Five Films to Watch if You're Moving to Jordan
Indiana Jones and Transformers are just two of several Hollywood movies filmed in Jordan. But the Middle Eastern nation has produced many notable films that can help you learn about Jordanian history and culture before moving there.
Released in 2017, “17” follows a Jordanian under-17 women’s soccer team preparing to compete in the FIFA U17 Women’s World Cup, which Jordan hosted in 2016. The documentary explores the challenges each of the girls faced, especially in pursuing a sport they’ve been told was only for men.
“Theeb” tells the story of a young Bedouin boy during the Great Arab Revolt against the Ottoman Empire in World War I. As we witness the dangerous journey that Theeb takes as a British officer’s guide, the film delves into several themes—imperialism, tradition, and betrayal. “Theeb” was nominated for Best Foreign Language Film at the 2014 Academy Awards.
“May in the Summer,” which came out in 2013, explores the religious tensions in Amman through the life of a Jordanian American woman named May who travels to Jordan with her sisters to celebrate her upcoming wedding. She struggles with her Christian mother’s disapproval of the marriage because her husband-to-be is a Muslim and her relationships with other family members.
The 2012 film “When Monaliza Smiled” is a romantic comedy set in Amman. Monaliza, a Jordanian woman, sees no reason to smile. In her late 30s, she gets a job in a government office where she meets and falls in love with an Egyptian immigrant named Hamdi. He is the only person who can make her smile by helping her discover the joys of life. The imminent expiration of Hamdi’s work permit, however, threatens their relationship. Through the love story, the film looks at discrimination and social barriers in modern-day Amman.
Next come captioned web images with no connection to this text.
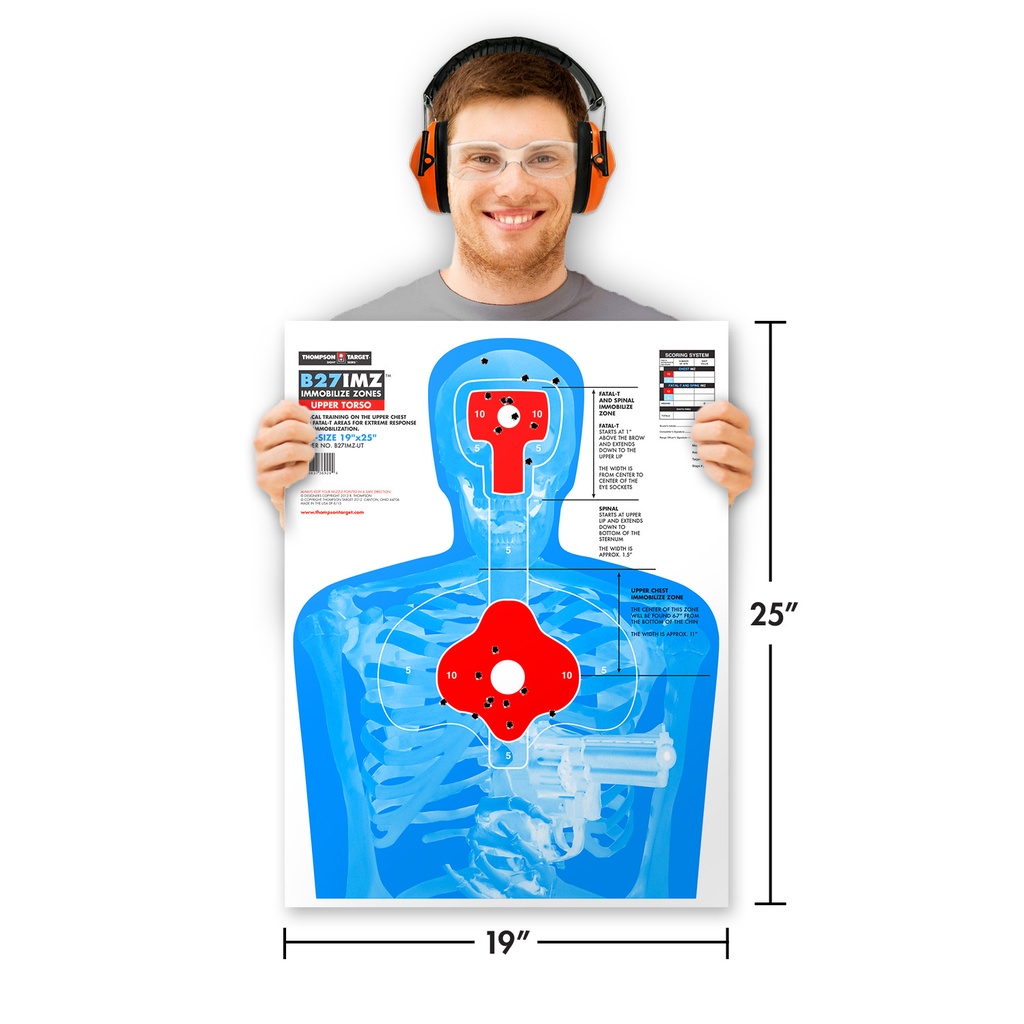 B27-IMZ Upper Torso 19&quot;x25&quot; Paper Targets (100 Pack)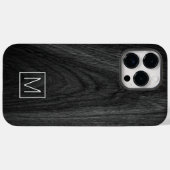 Matig elegant initiaal zwarte houtkorrel Case-Mate iPhone case (Achterkant (horizontaal))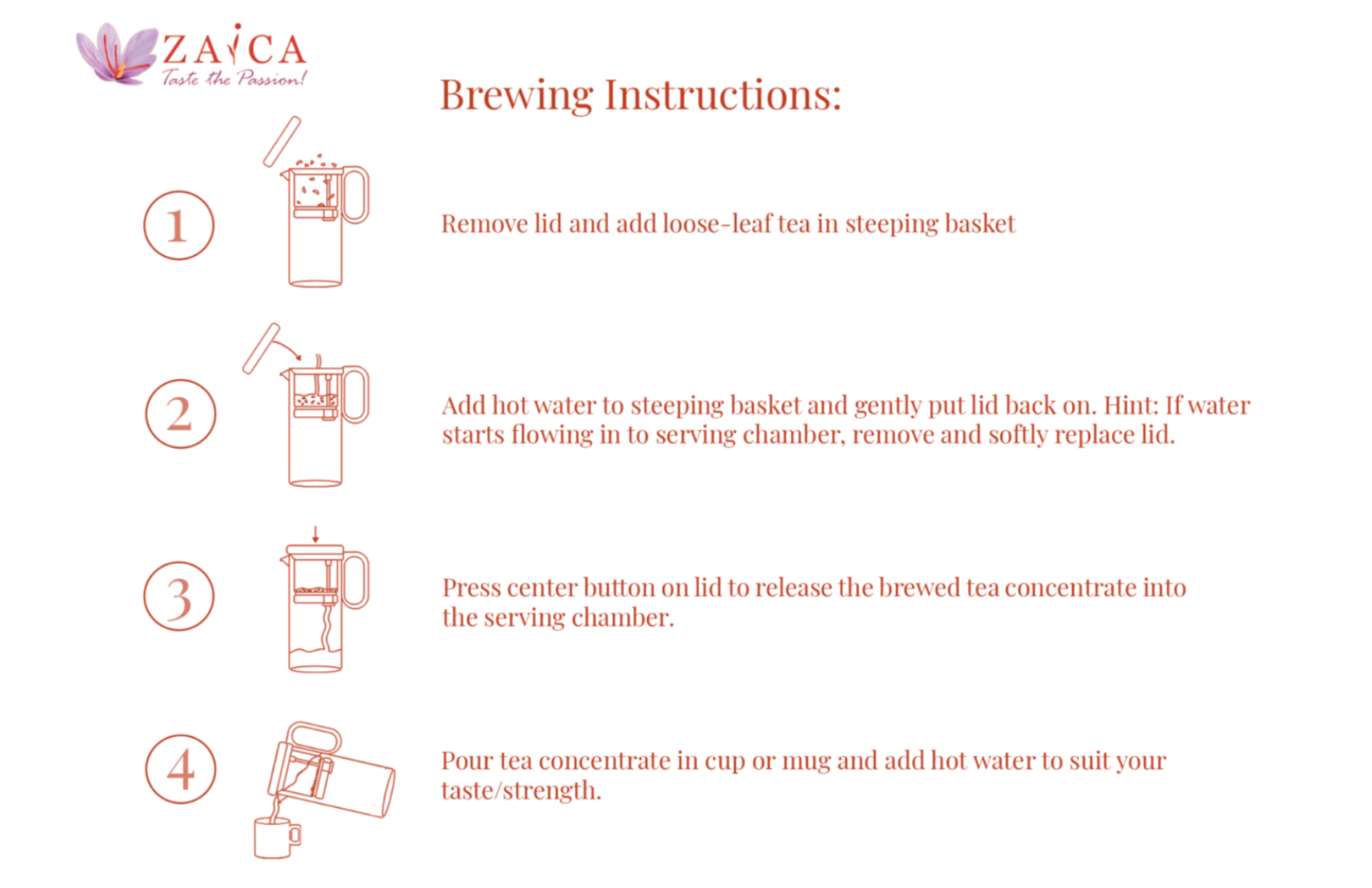 Brewing instructions for a tea infuser with step-by-step illustrations on a white background.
Released in 2007, “Captain Abu Raed” is the first Jordanian film to be submitted to the Oscars. The movie follows an airport janitor who finds a Royal Jordanian captain’s hat in the trash. A group of neighborhood children mistake him for a pilot and ask him to share stories about his travels. He starts telling them about his fictional travels and, as a result, develops a strong bond with the kids.